Knowledge and understanding. At the end of the course the student is required to prove that he/she knows the fundamental results of the polynomial ring in several variables with real and complex coefficients, and of plane affine and projective algebraic curves. Apply knowledge and understanding. At the end of the course the student must know how to apply the acquired knowledge to solve problems and exercises. The exercises can also be proposed as elementary theoretical results. In particular the student should be able to handle elementary properties of algebraic plane curves. Making judgment. At the end of the course the student will know how to recognize and how to apply the acquired techniques, and will also recognize the situations and problems in which these techniques can be advantageously used. Communication skills. At the end of the course the student will be able to express himself/herself appropriately on the above topics. Learning skills. At the end of the course the student will be able to consult standard books on algebraic curves and basic algebraic geometry.

Algebra 2, Geometria 2, Analisi 3

Polynomial rings in several variables. Plane algebraic curves, affine and projective. Resultant. Bézout theorem. Conics and rational curves. Cubics.

G. Fisher, Plane Algebraic Curves F. Kirwan, Complex algebraic curves, LMS (1992) R.J. Walker, Algebraic curves, Princeton (1950) D. Cox, J. Little, D. O'Shea, Ideals, varieties, and algorithms. An introduction to computational algebraic geometry and commutative algebra. Undergraduate Texts in Mathematics. Springer, Cham, 2015.

Basic properties of the polynomial rings in several variables with coefficients in a field. Hilbert's basis theorem. Basic facts of elimination theory and resultants. Factorization in polynomial rings. Plane affine algebraic curves: definition and first properties. Reviews on complex projective spaces. Complex projective plane algebraic curves. The theorem of Bézout. Points of inflection. Conics and rational curves. Classification of cubic curves.

Lessons and exercises sessions. To support the activities we will use the website Moodle.

There will be a moodle web-page of the course in which it will be reported: the diary of the lessons; the dates of the exams; additional material.

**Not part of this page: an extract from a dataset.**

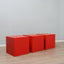 Vintage Hocker 60er Vintage bar stools tabourets vintage 1960 in vintage fiberglass stools e tables cubiques rouges.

The final examination is designed to ascertain knowledge of the topics of the entire course programme. It consists of a written and an oral examination. In the written test, you will be asked to solve 4 exercises similar to those carried out in class and in the exercises, and assigned during the course. The mark for the written test will be expressed in thirtieths; the weight of each exercise carried out correctly is 7/8 points; the condition for admission to the oral test is to have obtained a mark greater than or equal to 18/30. A positive written test remains valid until the autumn exam session in September (included) of the same academic year. The written test can be repeated: handing in a written test substitutes the possible preceding written exam. The purpose of the oral test will be to test the students' theoretical knowledge of the discipline, their ability to express themselves and their language skills. It will focus on the understanding of the definitions and statements of the theorems discussed in class, and may include a discussion of the writing and demonstrations of some theorems. The oral examination will be marked in thirtieths. The oral test is passed if the mark is greater than or equal to 18/30. The final mark is awarded by means of a mark expressed in thirtieths calculated taking into account the written test and the oral test. The examination is passed with a mark of 18/30. To achieve the minimum mark (18/30), knowledge of the main definitions and results is required, together with the ability to solve elementary exercises with a fair command of the language of the subject. In order to obtain the maximum mark (30/30 with distinction), the student must demonstrate excellent knowledge of all the topics covered in the course, answer all the questions correctly and carry out all the exercises correctly. Students with disabilities, specific learning disabilities (DSA) or special educational needs (BES) are asked to contact the Disability Service or the University's DSA Service in advance in order to benefit from examination aids.

This course explores topics closely related to goal 4 of the United Nations 2030 Agenda for Sustainable Development (SDGs)